When their identities were discovered, both men were fired from their respective newspapers. Undeterred, Allen and Pearson produced a sequel in the fall of 1932, More Merry-Go-Round. Altogether, the books sold 180,000 copies, and that encouraged them to continue producing their then-unique combination of reporting and commentary. In December 1932, the United Feature Syndicate started to distribute the “Washington Merry-Go-Round” to newspapers. It was one of the first to emphasize reporting at a time when most columnists were paid (and content) to ponder and pontificate. It quickly became one of the most powerful voices reporting from Washington as the role of the federal government in ordinary life was burgeoning. Only seven papers bought the column at first, but by May 1934, “The Washington Merry-Go-Round” was being syndicated to 270 newspapers. In many ways, Pearson and Allen couldn’t have been more different. The son of Governor Paul Pearson of the Virgin Islands, Drew Pearson was calm, urbane, and elegant. “Redheaded” Allen, on the other hand, was described as “short-tempered,” “brusque,” “carelessly dressed” and “pugnacious.” A 1937 Literary Digest profile reported that he “shouts, roars, blusters at government officials, is profane and disrespectful until some one lets out something exclusive.” In his own words, Allen was always ready to “cut somebody’s heart out.”
Allen and Pearson got their information from cabinet members, senators, congressmen, diplomats, hired investigators, clerks, and other journalists who couldn’t use scandalous discoveries in their own articles.
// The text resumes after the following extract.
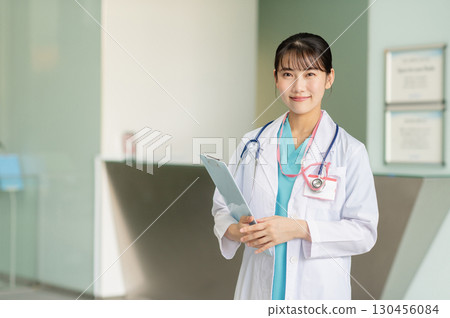Young female doctor working in hospital Young female doctor working in hospital 130456084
According to historian Donald Ritchie, the pair “cultivated, cajoled, conned, and occasionally blackmailed sources for exclusives.” They broke several of the biggest scoops of the era, including FDR’s 1937 court-packing scheme, the 1939 Louisiana Scandals, and the 1940 Destroyers-for-Bases Agreement with Great Britain. Peppering the hard news was insider gossip like Roosevelt’s taste in suits and the pet names First Lady Lou Hoover called President Hoover in private. Though the column had no explicit affiliation, Allen and Pearson were clearly sympathetic to the Roosevelt administration and other liberals, while openly critical and occasionally outright malicious towards Republicans, as well as fellow journalists whom they felt were mouthpieces for conservative interests. The one time the FBI evinced any real interest in Allen, according to his recently declassified Bureau file, was in the mid 1930s, when it made a modest effort to discern the columnists’ sources.
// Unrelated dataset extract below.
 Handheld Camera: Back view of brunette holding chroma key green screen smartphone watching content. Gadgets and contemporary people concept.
Allen’s Merry-Go-Round Ends
When the United States entered World War II, Allen, despite his age, decided to re-enlist. He negotiated a leave of absence from his partnership with Pearson in 1942, and was assigned to what became General George Patton’s Third Army, serving as head of intelligence when the unit went to England in 1943; eventually he rose to the rank of colonel. On April 7, 1945, less than a month before V-E Day, Allen was riding in a jeep in central Germany when he was ambushed from the rear. Severely wounded and taken prisoner, Allen had his right arm amputated in a German field hospital. Three days later, after the Third Army took Erfurt, he was liberated.
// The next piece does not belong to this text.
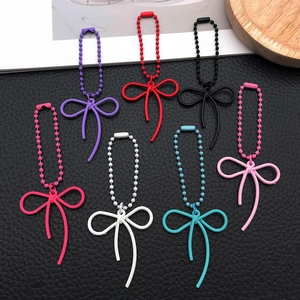Set of 7 colorful alloy bowknot pendants with ball chains for DIY phone cases and bags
Allen spent the next year at Walter Reed Army Hospital undergoing treatment on his amputated arm. He was often depressed and morose about the prospect of resuming his career as a journalist. In his absence, Drew Pearson had built the “Washington Merry-Go-Round” into an even bigger success, reflecting the war-driven thirst for more news from Washington. He was not inclined to bring Allen back in, and according to Allen, it was six months before Pearson even visited his erstwhile partner in the hospital.
In a 1946 column, Pearson paid tribute to Allen. “Bob’s battles were always for the underdog—Nicaragua, the little countries, little business, the unemployed, the public which sometimes gets it in the neck,” Pearson wrote. “No cause was too hopeless . . . Bob was always putting burrs under sleepy senators. He would walk into their offices, pound on their desks and demand that they get out on the Senate floor and fight.” But privately, Allen was already well into a heated feud with Pearson that destroyed their relationship forever. Before Allen left for active duty in World War II, Pearson had agreed to pay Ruth Finney, Allen’s wife (who was also a journalist), 10 percent of the gross receipts from the column. But Pearson reneged on the agreement, and for two and a half years while Allen was fighting in Europe, Ruth received no payments.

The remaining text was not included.